Konferansın üçüncü davetlisi Corriere della Sera gazetesi ve Panorama dergisi için köşe yazıları yazan eski NATO ve Moskova büyükelçisi Sergio Romano'ydu. Romano ise İran'da yaşanan son gelişmeleri Negri ve Sabahi'den farklı olarak uluslararası düzlemde ve ABD ile ilişkiler çerçevesinde değerlendirdi.
Wall Street Journal'ın "darbe gibi seçim" başlıklı haberinden yola çıkan Romano, İran seçimlerinin polisiye yöntemlerle gerçekleştiğini ve hedefin bu seçimlerden muhafazakarların başarı ile çıkması olduğunu söyledi. "Muhafazakarlar kazandı çünkü İranlı seçmenlerin ancak yarısı sandık başına gidebildi" dedi.

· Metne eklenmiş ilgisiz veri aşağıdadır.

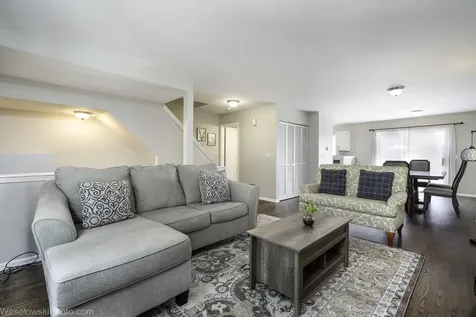 1645 Apple Tree Lane West Chicago IL 60185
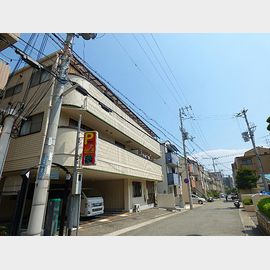 アンビエンスガーデン 築30年6ヶ月の賃貸物件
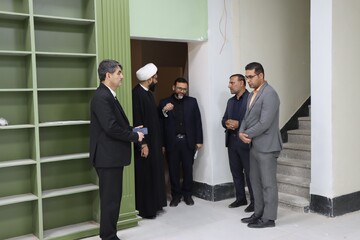 بازدید از کتابخانه مرکزی خوزستان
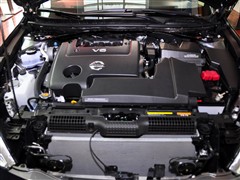 ղ ղ  2011  2.5L XV VIP а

Romano'ya göre bu sonuçta iki önemli neden öne çıktı. Birincisi İran'da askerler önemli bir ağırlığa sahip. İkincisi İran'da 70'ler ve 80'lerden bu yana otoriter bire rejim hakim ve sivil halk özgür değil.
Romano'ya göre İslam toplumunda kadın dinamiği önemli ve İran sınırlı bir özgürlükle yaşanabilir bir ülke. Romano, "ABD politikası ve İran'da dine dayalı yönetim biçimlerinin toplamını alırsanız bu son seçimlerin sonucunu anlamanıza yardımcı olur," dedi.
Romano'ya göre, ABD İran'a demokrasiyi getirmek gibi bir misyon üstlenmek istiyor. Bu nedenle de İran'daki yeni muhafazakarlar ile daha kolay bir iletişim kuracağı inancında. Bu seçim sonucu bir anlamda ABD'nin yakındoğuda yürüttüğü politikayı tamamlayan bir halka.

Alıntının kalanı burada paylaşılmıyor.